**Work order**
Every line from the line containing "When it's not" through the end of the data is to be reproduced exactly, excluding pictures.

*** Data Section Begins ***

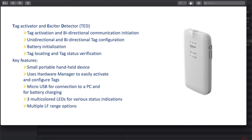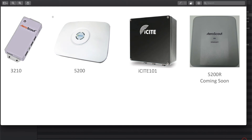To set up the tags, you need a TED — a Tag Activator and Exciter Detector. It's about the same size as a cell phone, fits in your pocket, and uses bi-directional communications to help configure tags. It also allows initial testing for exciters and helps identify interference so you can place exciters in appropriate locations. It charges via micro USB and integrates with an iOS application — simple and straightforward.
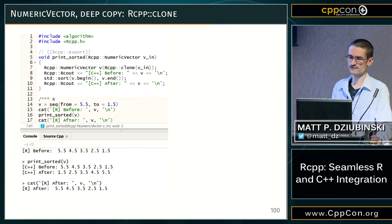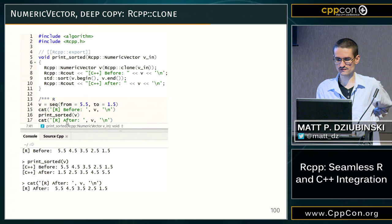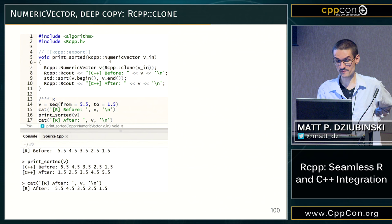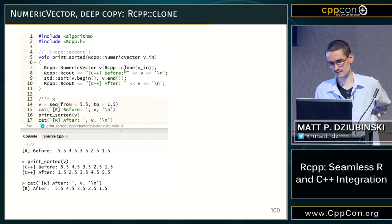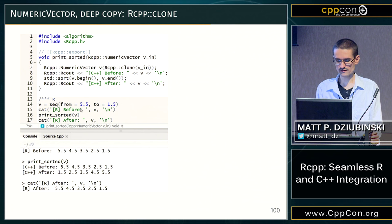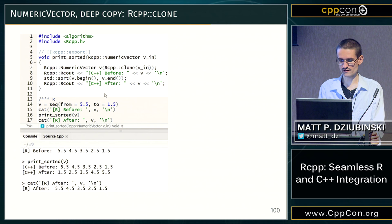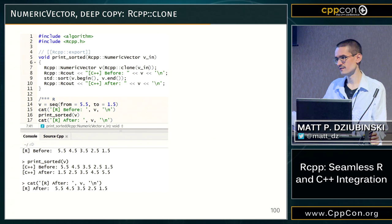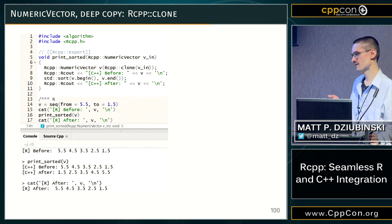When it's not desirable, you can perform a deep copy using the Rcpp 'clone' function. You initially obtain a proxy object (NumericVector) in variable v_in, then create a local variable v that contains a clone — a deep copy of the data. You can show the values in descending order, call std::sort, and they'll be in ascending order, but when you return to R, R keeps its own original object since we only worked on a copy.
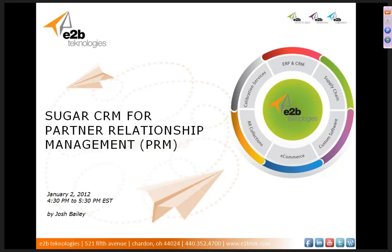Hello and welcome to the 2012 January, or 2013, I'm sorry I need to update that, Sugar CRM Partner Relationship Management webinar.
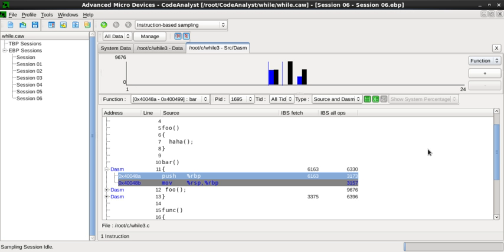The output of a profiler may be a statistical summary of the events observed. Summary profile information is often shown annotated against the source code statements where the events occur, so the size of measurement data is linear to the code size of the program.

*** Data Section Ends ***

**Result of the task**
When it's not desirable, you can perform a deep copy using the Rcpp 'clone' function. You initially obtain a proxy object (NumericVector) in variable v_in, then create a local variable v that contains a clone — a deep copy of the data. You can show the values in descending order, call std::sort, and they'll be in ascending order, but when you return to R, R keeps its own original object since we only worked on a copy.
Hello and welcome to the 2012 January, or 2013, I'm sorry I need to update that, Sugar CRM Partner Relationship Management webinar.
The output of a profiler may be a statistical summary of the events observed. Summary profile information is often shown annotated against the source code statements where the events occur, so the size of measurement data is linear to the code size of the program.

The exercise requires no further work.